[Scraped caption text data]
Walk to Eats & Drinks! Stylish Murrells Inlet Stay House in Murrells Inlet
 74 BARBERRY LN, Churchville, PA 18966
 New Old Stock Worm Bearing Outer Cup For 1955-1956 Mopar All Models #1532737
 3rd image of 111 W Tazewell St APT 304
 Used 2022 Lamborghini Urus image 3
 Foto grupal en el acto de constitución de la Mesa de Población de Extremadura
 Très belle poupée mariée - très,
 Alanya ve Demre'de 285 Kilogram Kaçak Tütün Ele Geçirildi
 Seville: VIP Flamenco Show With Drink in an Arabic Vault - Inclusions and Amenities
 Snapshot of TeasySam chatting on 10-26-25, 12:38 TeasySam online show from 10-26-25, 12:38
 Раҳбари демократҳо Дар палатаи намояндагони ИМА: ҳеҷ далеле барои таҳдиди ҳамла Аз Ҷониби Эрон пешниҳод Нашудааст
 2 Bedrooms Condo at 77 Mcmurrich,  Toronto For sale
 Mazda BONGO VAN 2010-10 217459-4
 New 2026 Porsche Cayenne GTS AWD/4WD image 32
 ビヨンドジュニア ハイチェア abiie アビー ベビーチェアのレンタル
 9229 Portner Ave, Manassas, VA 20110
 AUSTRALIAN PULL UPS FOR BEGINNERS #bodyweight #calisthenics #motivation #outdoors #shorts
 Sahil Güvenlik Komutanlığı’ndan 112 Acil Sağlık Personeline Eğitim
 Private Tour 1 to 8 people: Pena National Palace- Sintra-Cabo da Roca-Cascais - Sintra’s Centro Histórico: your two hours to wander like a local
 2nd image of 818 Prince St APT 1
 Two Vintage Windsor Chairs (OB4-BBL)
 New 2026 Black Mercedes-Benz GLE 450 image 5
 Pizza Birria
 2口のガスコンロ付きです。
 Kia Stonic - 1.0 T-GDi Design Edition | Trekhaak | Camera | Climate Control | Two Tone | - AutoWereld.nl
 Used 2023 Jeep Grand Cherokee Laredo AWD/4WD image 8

Required work —
Copy out each line of the records character for character.

Output for this exercise —
Walk to Eats & Drinks! Stylish Murrells Inlet Stay House in Murrells Inlet
 74 BARBERRY LN, Churchville, PA 18966
 New Old Stock Worm Bearing Outer Cup For 1955-1956 Mopar All Models #1532737
 3rd image of 111 W Tazewell St APT 304
 Used 2022 Lamborghini Urus image 3
 Foto grupal en el acto de constitución de la Mesa de Población de Extremadura
 Très belle poupée mariée - très,
 Alanya ve Demre'de 285 Kilogram Kaçak Tütün Ele Geçirildi
 Seville: VIP Flamenco Show With Drink in an Arabic Vault - Inclusions and Amenities
 Snapshot of TeasySam chatting on 10-26-25, 12:38 TeasySam online show from 10-26-25, 12:38
 Раҳбари демократҳо Дар палатаи намояндагони ИМА: ҳеҷ далеле барои таҳдиди ҳамла Аз Ҷониби Эрон пешниҳод Нашудааст
 2 Bedrooms Condo at 77 Mcmurrich,  Toronto For sale
 Mazda BONGO VAN 2010-10 217459-4
 New 2026 Porsche Cayenne GTS AWD/4WD image 32
 ビヨンドジュニア ハイチェア abiie アビー ベビーチェアのレンタル
 9229 Portner Ave, Manassas, VA 20110
 AUSTRALIAN PULL UPS FOR BEGINNERS #bodyweight #calisthenics #motivation #outdoors #shorts
 Sahil Güvenlik Komutanlığı’ndan 112 Acil Sağlık Personeline Eğitim
 Private Tour 1 to 8 people: Pena National Palace- Sintra-Cabo da Roca-Cascais - Sintra’s Centro Histórico: your two hours to wander like a local
 2nd image of 818 Prince St APT 1
 Two Vintage Windsor Chairs (OB4-BBL)
 New 2026 Black Mercedes-Benz GLE 450 image 5
 Pizza Birria
 2口のガスコンロ付きです。
 Kia Stonic - 1.0 T-GDi Design Edition | Trekhaak | Camera | Climate Control | Two Tone | - AutoWereld.nl
 Used 2023 Jeep Grand Cherokee Laredo AWD/4WD image 8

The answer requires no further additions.